## INPUT FOR THIS TASK
***

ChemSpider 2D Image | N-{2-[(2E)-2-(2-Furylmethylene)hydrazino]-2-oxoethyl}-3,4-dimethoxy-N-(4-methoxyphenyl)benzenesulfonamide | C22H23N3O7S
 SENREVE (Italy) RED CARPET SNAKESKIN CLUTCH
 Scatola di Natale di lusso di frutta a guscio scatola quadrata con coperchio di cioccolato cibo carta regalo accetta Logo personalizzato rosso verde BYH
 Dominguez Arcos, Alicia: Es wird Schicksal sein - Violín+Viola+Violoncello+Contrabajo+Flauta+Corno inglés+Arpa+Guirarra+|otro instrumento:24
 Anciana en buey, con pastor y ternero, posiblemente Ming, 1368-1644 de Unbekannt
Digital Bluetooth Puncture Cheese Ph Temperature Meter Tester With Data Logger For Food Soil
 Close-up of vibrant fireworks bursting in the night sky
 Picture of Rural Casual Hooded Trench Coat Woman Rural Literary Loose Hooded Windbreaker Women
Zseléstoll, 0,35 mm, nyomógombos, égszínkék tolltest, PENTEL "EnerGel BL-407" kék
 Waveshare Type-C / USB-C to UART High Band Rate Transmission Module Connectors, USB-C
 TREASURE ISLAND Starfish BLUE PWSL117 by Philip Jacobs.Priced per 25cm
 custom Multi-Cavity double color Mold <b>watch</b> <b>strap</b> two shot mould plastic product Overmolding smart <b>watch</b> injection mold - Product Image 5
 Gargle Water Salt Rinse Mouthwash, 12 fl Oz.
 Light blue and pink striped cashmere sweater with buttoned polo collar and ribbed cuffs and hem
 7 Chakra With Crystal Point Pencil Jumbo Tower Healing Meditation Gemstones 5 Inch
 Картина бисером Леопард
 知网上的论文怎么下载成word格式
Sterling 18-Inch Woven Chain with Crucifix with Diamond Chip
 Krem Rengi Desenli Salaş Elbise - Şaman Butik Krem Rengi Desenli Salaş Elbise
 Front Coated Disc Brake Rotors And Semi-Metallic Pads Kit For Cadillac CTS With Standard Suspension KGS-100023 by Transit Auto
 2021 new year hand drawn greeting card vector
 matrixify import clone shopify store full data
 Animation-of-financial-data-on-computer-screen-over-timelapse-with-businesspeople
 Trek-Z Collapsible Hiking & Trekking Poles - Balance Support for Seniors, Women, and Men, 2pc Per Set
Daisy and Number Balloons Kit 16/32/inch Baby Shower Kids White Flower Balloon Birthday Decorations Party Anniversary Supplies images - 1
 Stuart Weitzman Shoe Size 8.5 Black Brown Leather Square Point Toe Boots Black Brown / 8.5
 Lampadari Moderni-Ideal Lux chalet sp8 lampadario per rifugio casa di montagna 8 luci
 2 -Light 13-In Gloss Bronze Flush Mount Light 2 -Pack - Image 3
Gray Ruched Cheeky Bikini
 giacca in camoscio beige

***

## PROBLEM REQUIREMENTS
Restate the whole listing word for word so that no line differs from the original.

## RESPONSE TO THE EXERCISE
ChemSpider 2D Image | N-{2-[(2E)-2-(2-Furylmethylene)hydrazino]-2-oxoethyl}-3,4-dimethoxy-N-(4-methoxyphenyl)benzenesulfonamide | C22H23N3O7S
 SENREVE (Italy) RED CARPET SNAKESKIN CLUTCH
 Scatola di Natale di lusso di frutta a guscio scatola quadrata con coperchio di cioccolato cibo carta regalo accetta Logo personalizzato rosso verde BYH
 Dominguez Arcos, Alicia: Es wird Schicksal sein - Violín+Viola+Violoncello+Contrabajo+Flauta+Corno inglés+Arpa+Guirarra+|otro instrumento:24
 Anciana en buey, con pastor y ternero, posiblemente Ming, 1368-1644 de Unbekannt
Digital Bluetooth Puncture Cheese Ph Temperature Meter Tester With Data Logger For Food Soil
 Close-up of vibrant fireworks bursting in the night sky
 Picture of Rural Casual Hooded Trench Coat Woman Rural Literary Loose Hooded Windbreaker Women
Zseléstoll, 0,35 mm, nyomógombos, égszínkék tolltest, PENTEL "EnerGel BL-407" kék
 Waveshare Type-C / USB-C to UART High Band Rate Transmission Module Connectors, USB-C
 TREASURE ISLAND Starfish BLUE PWSL117 by Philip Jacobs.Priced per 25cm
 custom Multi-Cavity double color Mold <b>watch</b> <b>strap</b> two shot mould plastic product Overmolding smart <b>watch</b> injection mold - Product Image 5
 Gargle Water Salt Rinse Mouthwash, 12 fl Oz.
 Light blue and pink striped cashmere sweater with buttoned polo collar and ribbed cuffs and hem
 7 Chakra With Crystal Point Pencil Jumbo Tower Healing Meditation Gemstones 5 Inch
 Картина бисером Леопард
 知网上的论文怎么下载成word格式
Sterling 18-Inch Woven Chain with Crucifix with Diamond Chip
 Krem Rengi Desenli Salaş Elbise - Şaman Butik Krem Rengi Desenli Salaş Elbise
 Front Coated Disc Brake Rotors And Semi-Metallic Pads Kit For Cadillac CTS With Standard Suspension KGS-100023 by Transit Auto
 2021 new year hand drawn greeting card vector
 matrixify import clone shopify store full data
 Animation-of-financial-data-on-computer-screen-over-timelapse-with-businesspeople
 Trek-Z Collapsible Hiking & Trekking Poles - Balance Support for Seniors, Women, and Men, 2pc Per Set
Daisy and Number Balloons Kit 16/32/inch Baby Shower Kids White Flower Balloon Birthday Decorations Party Anniversary Supplies images - 1
 Stuart Weitzman Shoe Size 8.5 Black Brown Leather Square Point Toe Boots Black Brown / 8.5
 Lampadari Moderni-Ideal Lux chalet sp8 lampadario per rifugio casa di montagna 8 luci
 2 -Light 13-In Gloss Bronze Flush Mount Light 2 -Pack - Image 3
Gray Ruched Cheeky Bikini
 giacca in camoscio beige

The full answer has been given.